WORK ORDER → The listing below must be repeated word for word, with its images excluded.

PROVIDED INFORMATION →
····················
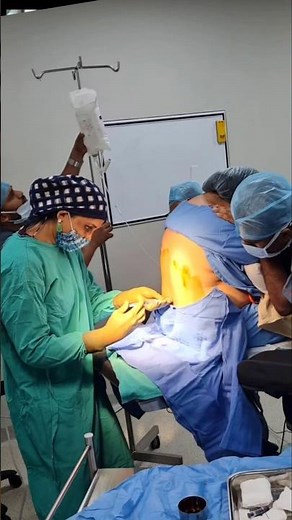 cesarean anesthesia #epiduralinjection #cesareanbirth #labourpain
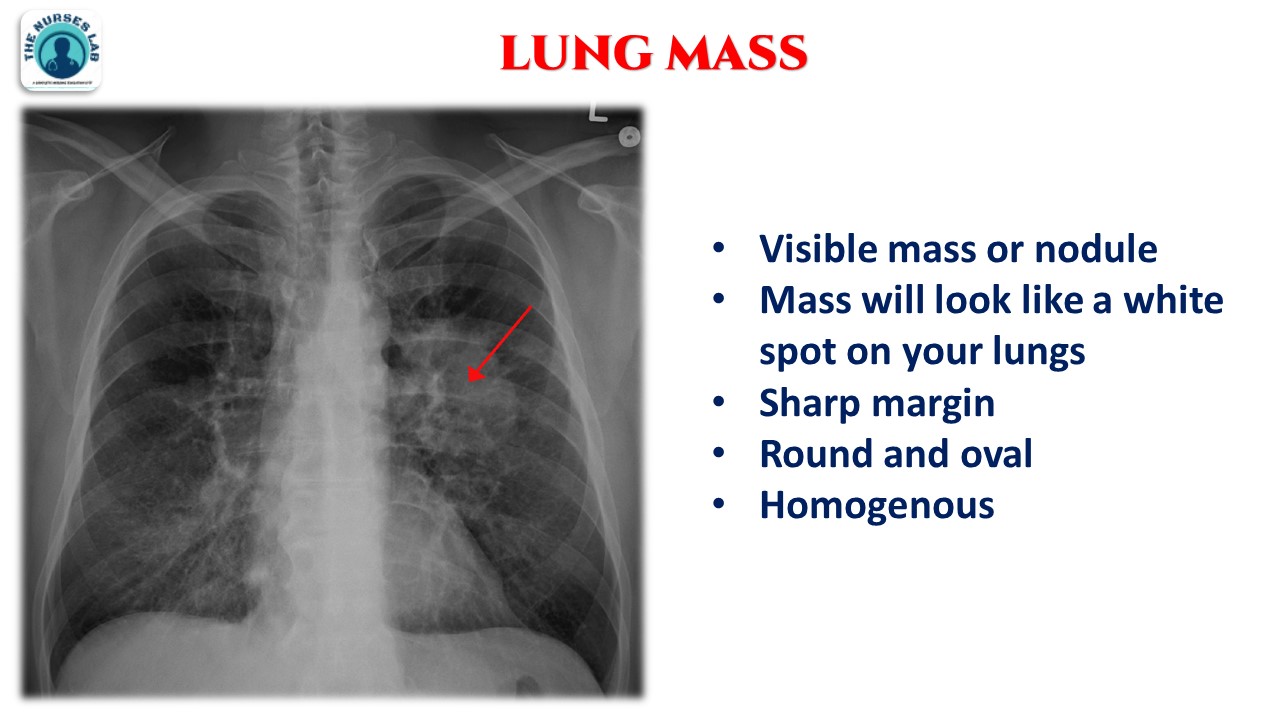 Abnormal Chest Xray Interpretation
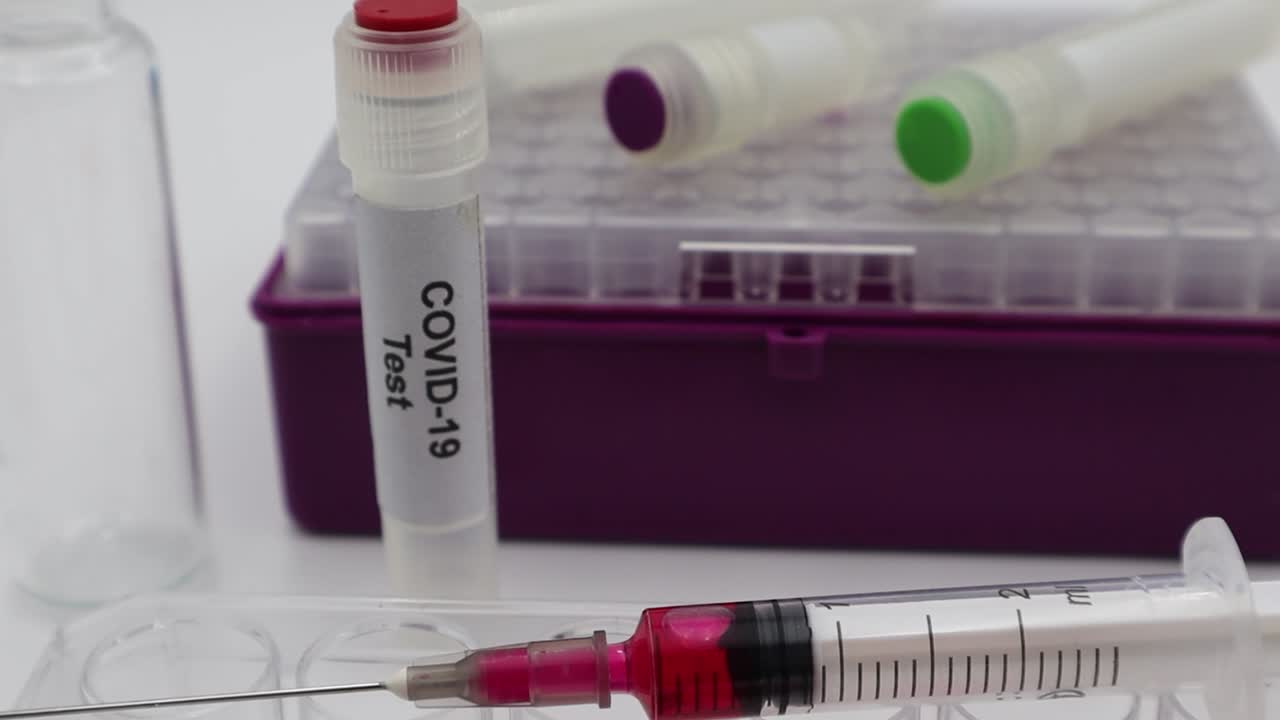 Provetta con etichetta Covid-19. Attrezzatura da laboratorio di microbiologia. Test Coronavirus, Covid-19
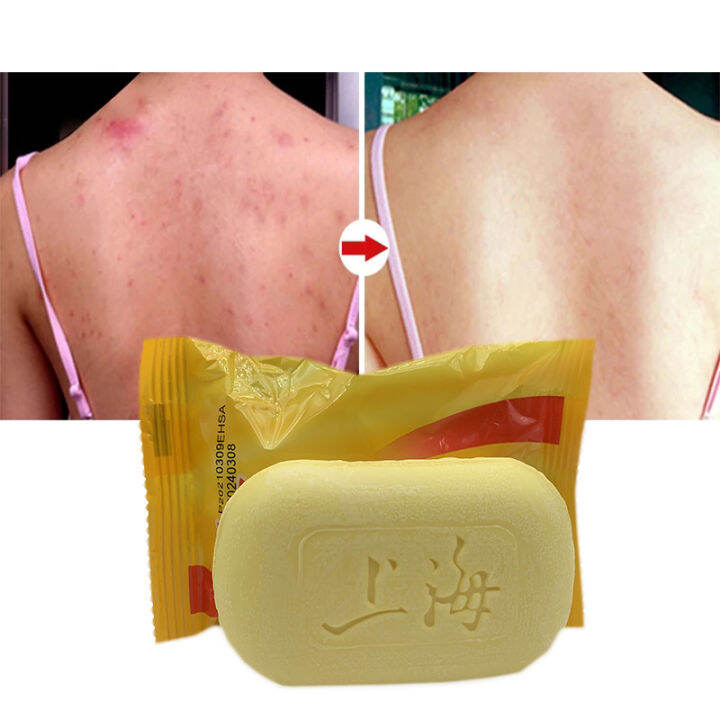 Shanghai Sulfur Soap Oil Control Acne Treatment Psoriasis Seborrhea Eczema Anti Fungus Bath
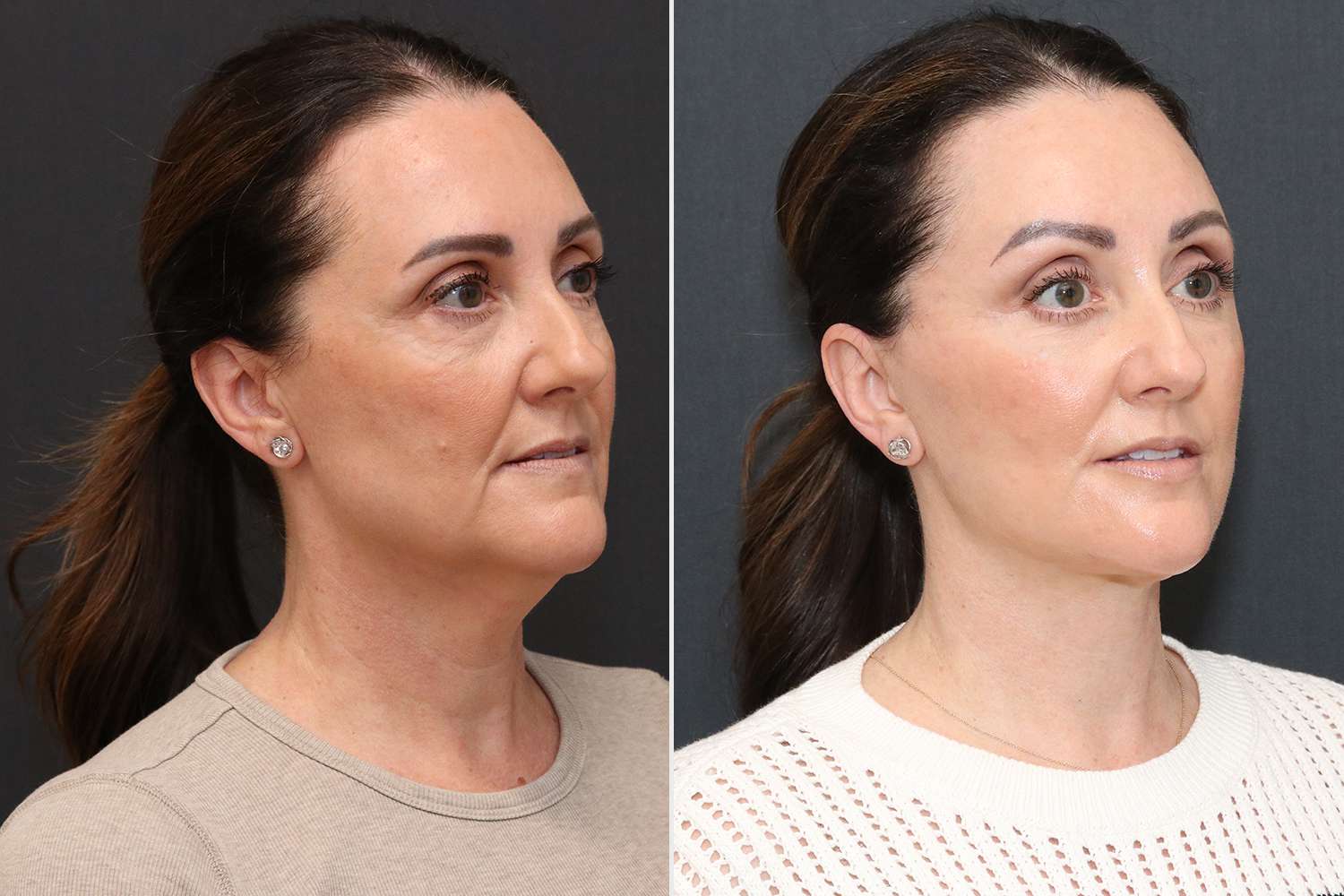 Woman, 52, Wins Free Facelift from Social Media Ad. Her Surgery Was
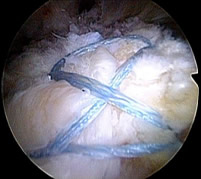 p double row rotator cuff repair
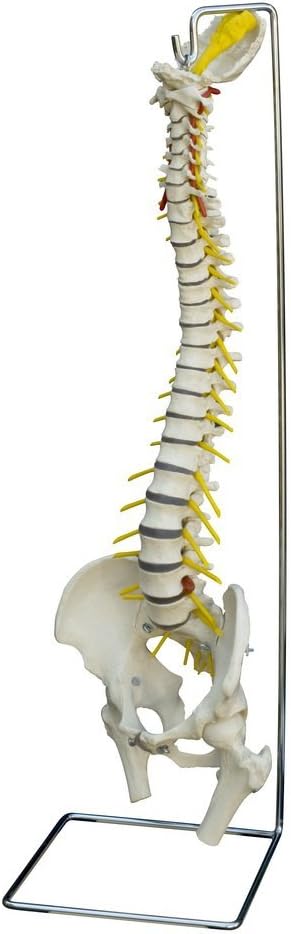 Spine With Herniated Disc/Anatomical Model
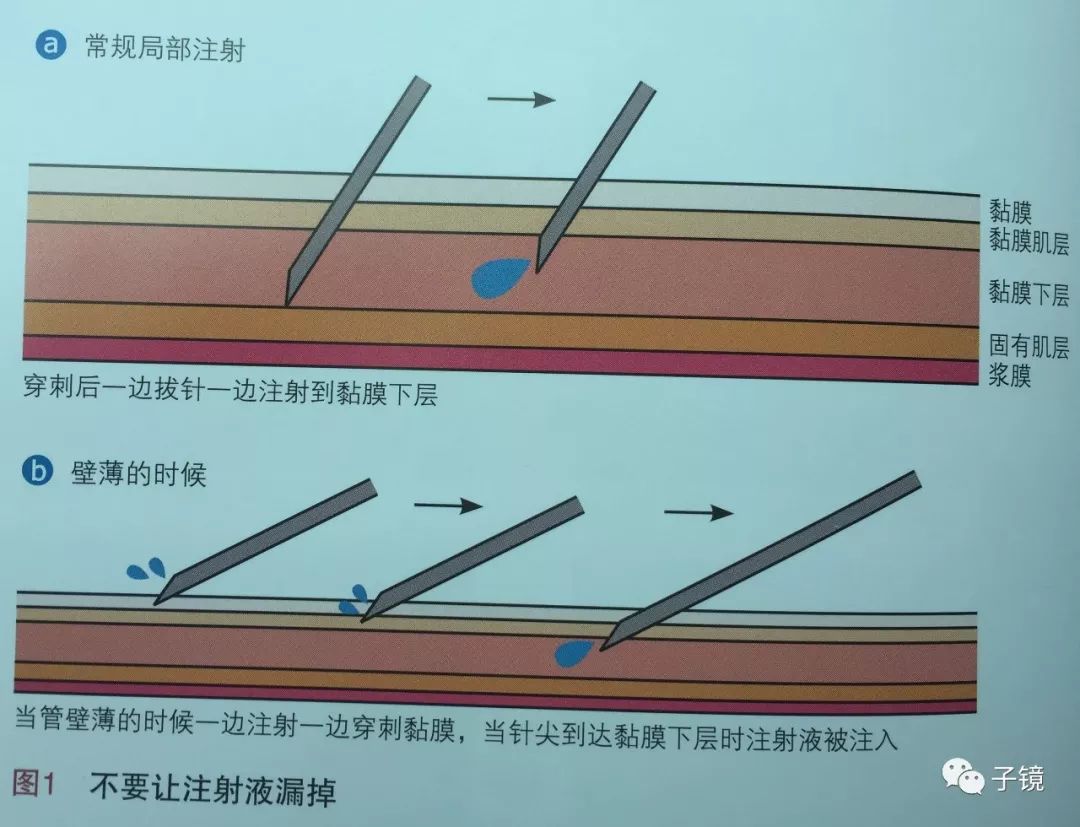 内镜技术宝典之——《大圃流esd手术技巧》学习笔记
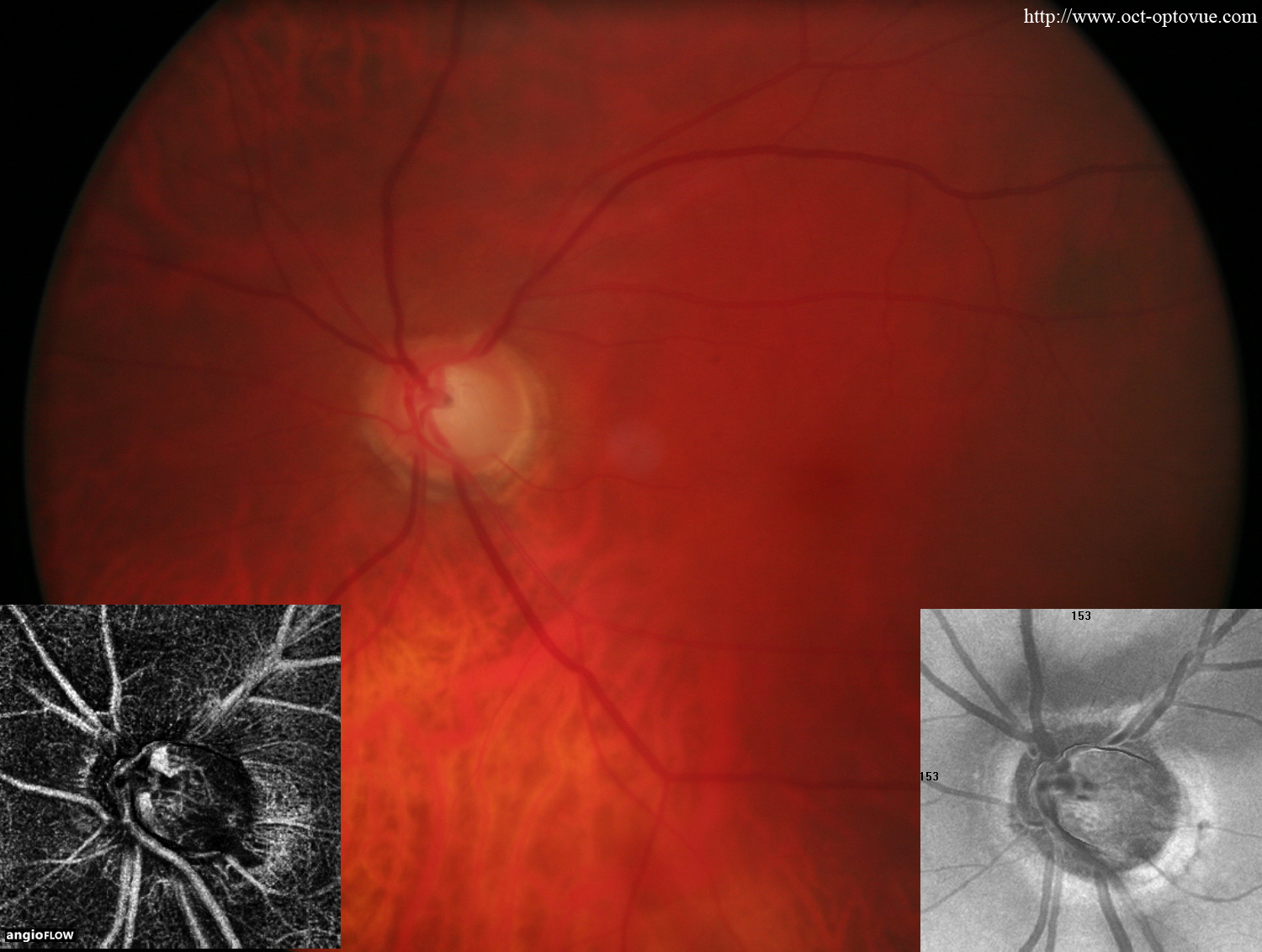 oct-angio glaucoma optovue angiovue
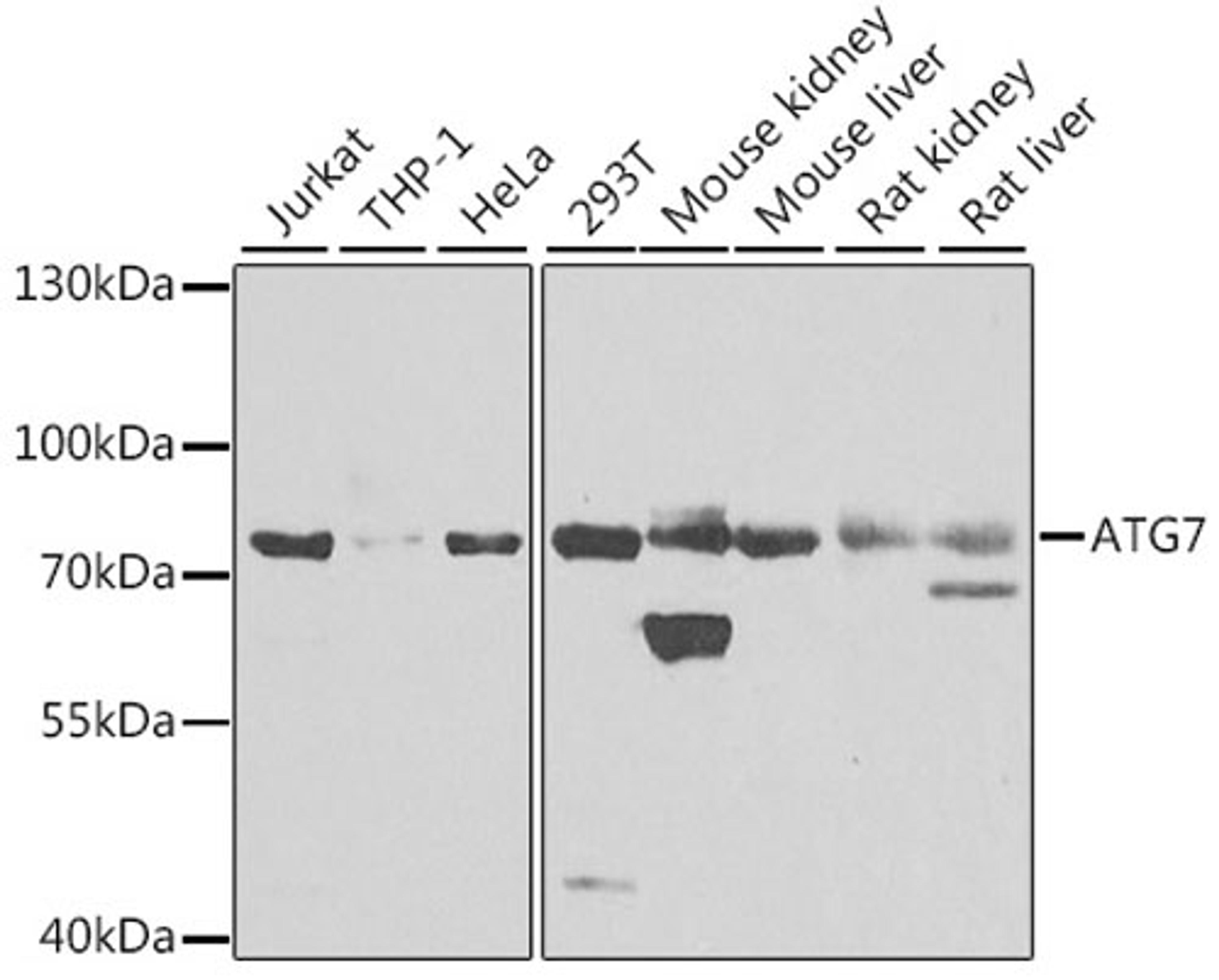 Western blot - ATG7 antibody (A0691)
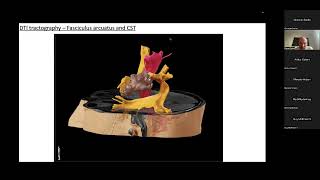 IESSESTM webinar series Global Epilepsy Surgery Technique Rounds [upl. by Aryc553]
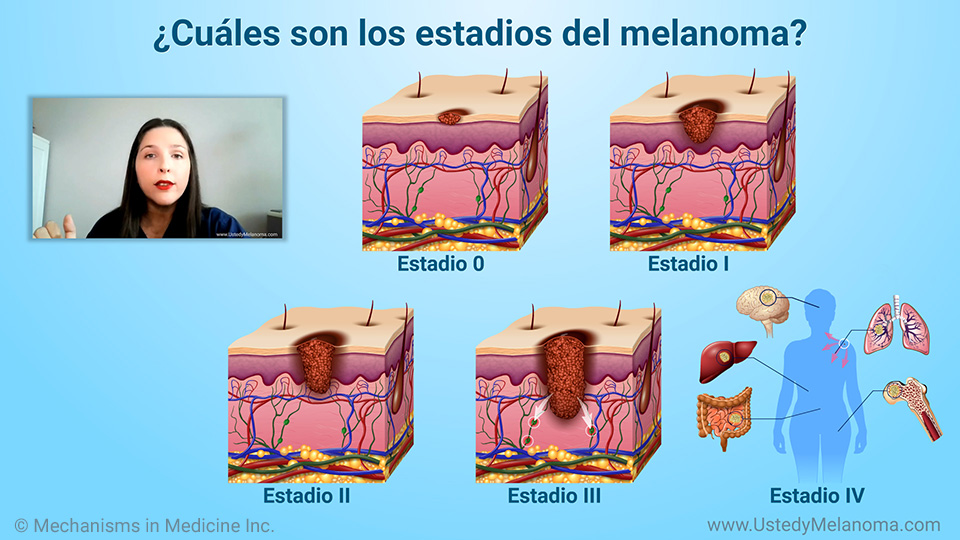 ¿Cuáles son los estadios del melanoma?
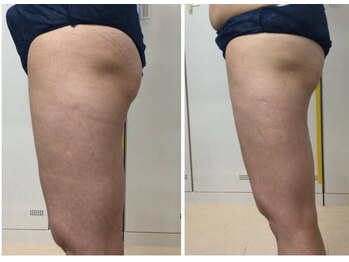 アヤエステティックサロン 綱島店(AYA)の写真/【最新マシンで太ももヒップ脂肪燃焼】憧れのくびれとすき間を叶える美脚へ！！
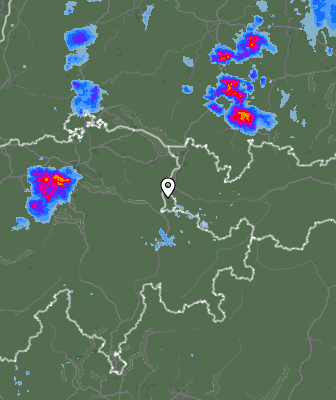 Radar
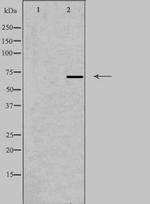 Radixin Antibody in Western Blot (WB)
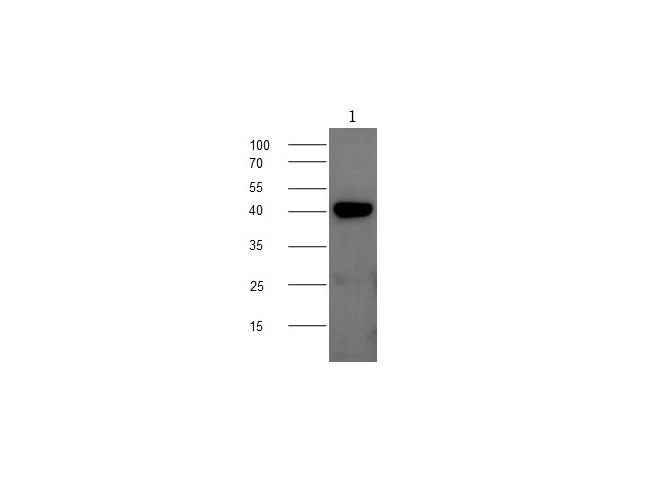 Anti-Mouse CHI3L1 Antibody - ABMIUM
····················
SOLVED EXERCISE →
 cesarean anesthesia #epiduralinjection #cesareanbirth #labourpain
 Abnormal Chest Xray Interpretation
 Provetta con etichetta Covid-19. Attrezzatura da laboratorio di microbiologia. Test Coronavirus, Covid-19
 Shanghai Sulfur Soap Oil Control Acne Treatment Psoriasis Seborrhea Eczema Anti Fungus Bath
 Woman, 52, Wins Free Facelift from Social Media Ad. Her Surgery Was
 p double row rotator cuff repair
 Spine With Herniated Disc/Anatomical Model
 内镜技术宝典之——《大圃流esd手术技巧》学习笔记
 oct-angio glaucoma optovue angiovue
 Western blot - ATG7 antibody (A0691)
 IESSESTM webinar series Global Epilepsy Surgery Technique Rounds [upl. by Aryc553]
 ¿Cuáles son los estadios del melanoma?
 アヤエステティックサロン 綱島店(AYA)の写真/【最新マシンで太ももヒップ脂肪燃焼】憧れのくびれとすき間を叶える美脚へ！！
 Radar
 Radixin Antibody in Western Blot (WB)
 Anti-Mouse CHI3L1 Antibody - ABMIUM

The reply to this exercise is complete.